By this time, I could barely walk, because of exhaustion. I guess I looked like death, because they took me back quickly. Blood test showed that my sugar was over 500 (i’m diabetic) and that my kidneys had stopped functioning because of a very severe infection. By then, I was kind of out of my head, and things happened fast. The catheter bag had a small amount of dark red urine and nothing more coming out, and so they decided I needed dialysis. So those months of colds and flu that I tried to ignore, was actually me being poisoned by my blood because it was no longer being cleaned by my kidneys. My blood had effectively stopped bringing energy too.

I do not remember getting the hemodialysis catheter put in my chest. I just looked down, and I had tubes coming out of the right side of my chest, and a couple extras in my forearms and in my right thigh. When things happen out of my control, I tend to go along with it. So I was in the mindset of do what you have to do to get through.
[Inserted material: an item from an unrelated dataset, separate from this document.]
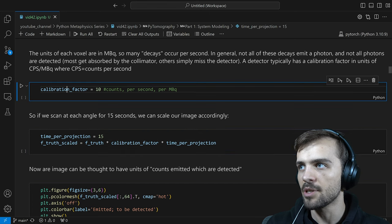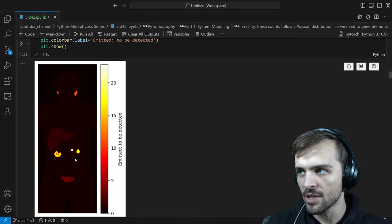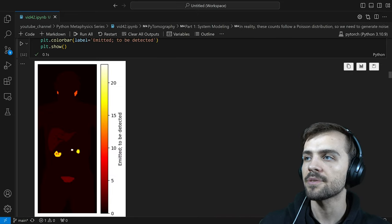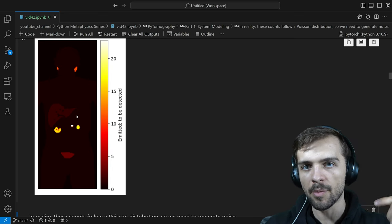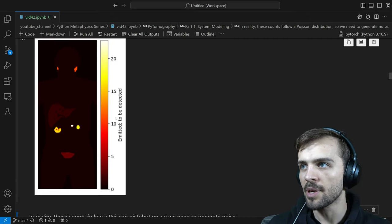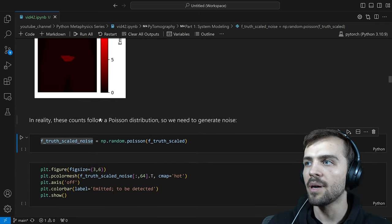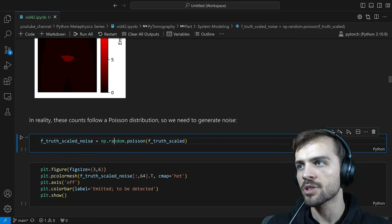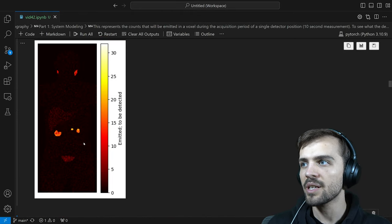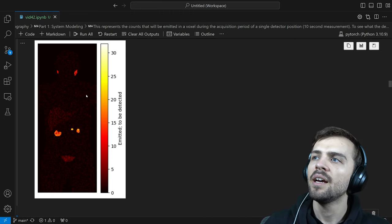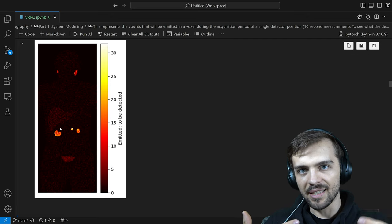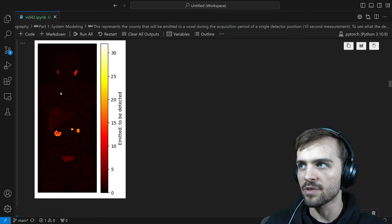We can use this calibration factor assuming we scan for 15 seconds per projection. Multiplying megabecquerels by time per projection gives units of counts — our scaled image. These are the photons we expect to be detected. In reality, these counts follow a Poisson distribution — radioactivity is essentially random and Poisson distributed. So this represents the mean of the Poisson distribution. We can call the NumPy random Poisson function on this to get F_truth scaled with noise — the number of counts that would actually be detected.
But even then, it was like getting slapped by a buick. I was stunned.

It wasn’t until hours later, when I was in the hospital room, that all the discussions with the doctors started to really sink in. My kidneys were dead, and my life was dialysis to stay alive. I panicked pretty bad, and got really depressed. What was I going to do for work? Could I work on my car anymore? What is my life going to be like now? I was in the hospital for 2 weeks, while they tried to get a handle on the infection. They even thought it was cancer, I had a lovely and very painful bone marrow biopsy done. Came out ok.

To be totally honest, I enjoyed the hospital stay. No stress of work or home, got to lay in bed and sleep all day, food was brought to me. I eventually was able to eat some of it too. I was stunned that I had no energy. I could barely stand up. I basically had to build up the strength and energy to walk. That really knocked me for a loop. I got healthy enough that they sent me home. After the second day, I started vomiting and shivering again, so I went to the emergency room. The infection returned with a vengeance, and put me back in the hospital for a couple of days. New super antibiotic, and I started feeling better.

I now go to a dialysis clinic. It was 3 times a week for 4 hrs a time, but has been cut to 2 times a week, for 3 hrs. It’s not bad. Nice, friendly people there. You sit in a recliner, and they connect a couple of tubes from a machine about the size of a filing cabinet to the tubes coming out of my chest. Then you lay back, and watch TV. I bring a laptop and read some internet and then nap. It doesn’t hurt or anything, but I sometimes feel some weird random light cramps. Considering my blood is being pumped out, cleaned, and pumped back in, i’m ok with it.

My time was cut back, because my kidneys started working again. I’m currently at 30%, and if they continue to improve, I won’t need dialysis again. I’m what’s called “acute failure”, meaning my kidneys didn’t fail from genetic problems, or over use or abuse, but from an outside cause… an infection. I’m one of the very,very lucky few. I suspect they’ll fail eventually because of diabetes, but hopefully in the far future.

To be honest, this whole experience radically changed me. I smell and taste things differently now. I eat healthy and love it. I now have a desire to take care of my health, and I lost a lot of fears about the future and getting older. I faced a lot of things I was running from. I was terrified of dialysis, but I learned to accept it, and now i’m extremely grateful for it. It’s a wonderful, incredible technology that can literally save your life.